File-based parallelism

Same assimilation algorithm, but now the transition and observations are done in parallel.

worker_ids = addprocs(4; exeflags="--project=$(Base.active_project())")
worker_ids_driver = vcat([1], worker_ids)
try
    @everywhere worker_ids_driver begin
        println("I am here")
        $worker_initial_imports
        function worker_transition(run_dir, k, t, t0, params, worker_id, num_workers)
            try
                local worker = ParallelWorker(num_workers, worker_id)
                local ensemble_path = joinpath(run_dir, "ensemble_$(k-1)_posterior")
                local ensemble = load_ensemble(ensemble_path)
                local tmp_filepath = joinpath(run_dir, "intermediate_trans_$(k-1)_to_$(k)")
                local output_filepath = joinpath(run_dir, "ensemble_$(k)_prior")
                local parallel_strategy = FileBasedPartial(output_filepath, tmp_filepath)
                local transitioner = Lorenz63Model(; params)
                local closer, num_completed = run_partial_operator(
                    parallel_strategy,
                    worker,
                    em -> transitioner(em, t, t0),
                    ensemble;
                    reset_state_keys=false,
                )
                if closer
                    @debug "Transition: closer did $num_completed"
                else
                    @debug "Transition: worker $worker_id did $num_completed"
                end
            catch e
                return e
            end
        end

        function worker_observer(run_dir, k, params, worker_id, num_workers)
            try
                local worker = ParallelWorker(num_workers, worker_id)
                local ensemble_path = joinpath(run_dir, "ensemble_$(k)_prior")
                local ensemble = load_ensemble(ensemble_path)
                local tmp_filepath = joinpath(run_dir, "intermediate_obs_$(k)")
                local output_filepath = joinpath(run_dir, "ensemble_$(k)_obs_prior")
                local parallel_strategy = FileBasedPartial(output_filepath, tmp_filepath)
                local transitioner = Lorenz63Model(; params)
                local observer = NoisyObserver(get_state_keys(transitioner); params)
                xor_seed!(observer, UInt64(worker_id * num_workers - 1))
                local closer, num_completed = run_partial_operator(
                    parallel_strategy, worker, observer, ensemble; reset_state_keys=false
                )
                if closer
                    @debug "Observer: closer did $num_completed"
                else
                    @debug "Observer: worker $worker_id did $num_completed"
                end
            catch e
                return e
            end
        end
    end

    for observer_type in [:sequential, :not_sequential]
        Random.seed!(0x3289745)
        xor_seed!(observer, UInt64(0x375ef928))

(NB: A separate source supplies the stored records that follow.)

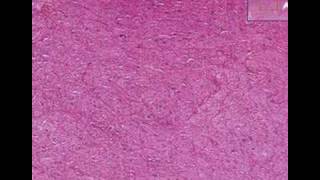 Histopathology NerveGanglioneuroma [upl. by Engle]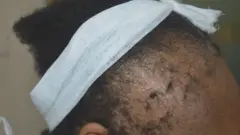 Alopécie : ces coiffures qui nous font perdre nos cheveux !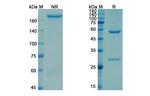 CD52 (Gatralimab Biosimilar) Recombinant Human Monoclonal Antibody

        run_dir = tempname("."; cleanup=false)
        @show run_dir
        mkpath(run_dir)
        save_ensemble(ensemble_initial, joinpath(run_dir, "ensemble_0_posterior"))

        logs = []
        ensembles = []
        @time_msg "Run ensemble parallel" let ensemble = ensemble_initial
            t0 = 0.0
            push!(ensembles, (; ensemble, t=t0))
            for (k, (t, y_obs)) in
                enumerate(zip(observation_times, ground_truth.observations))
                # Advance ensemble to time t.
                worker_tasks = []
                for (i, p) in enumerate(worker_ids)
                    task = remotecall(
                        Main.worker_transition,
                        p,
                        run_dir,
                        k,
                        t0,
                        t,
                        params,
                        i,
                        length(worker_ids),
                    )
                    push!(worker_tasks, task)
                end

                for task in worker_tasks
                    v = fetch(task)
                    isa(v, Exception) && throw(v)
                end
                Main.worker_transition(run_dir, k, t0, t, params, 1, 1)
                output_filepath = joinpath(run_dir, "ensemble_$(k)_prior")
                ensemble = load_ensemble(output_filepath)

                # Take observation at time t.
                if observer_type == :sequential
                    println("Time $t: observer rng $(observer.rng)")
                    ensemble_obs = observer(ensemble)
                    println("Time $t: observer rng $(observer.rng)")
                else
                    worker_tasks = []
                    for (i, p) in enumerate(worker_ids)
                        task = remotecall(
                            Main.worker_observer,
                            p,
                            run_dir,
                            k,
                            params,
                            i,
                            length(worker_ids),
                        )
                        push!(worker_tasks, task)
                    end

                    for task in worker_tasks
                        v = fetch(task)
                        isa(v, Exception) && throw(v)
                    end
                    Main.worker_observer(run_dir, k, params, 1, 1)
                    output_filepath = joinpath(run_dir, "ensemble_$(k)_obs_prior")
                    ensemble_obs = load_ensemble(output_filepath)
                end

                ensemble_obs_clean, ensemble_obs_noisy = split_clean_noisy(
                    observer, ensemble_obs
                )
                println(
                    "Time $t : noise norm $(norm(get_ensemble_matrix(ensemble_obs_clean) .- get_ensemble_matrix(ensemble_obs_noisy)))",
                )

                # Record.
                push!(ensembles, (; ensemble, ensemble_obs_clean, ensemble_obs_noisy, t))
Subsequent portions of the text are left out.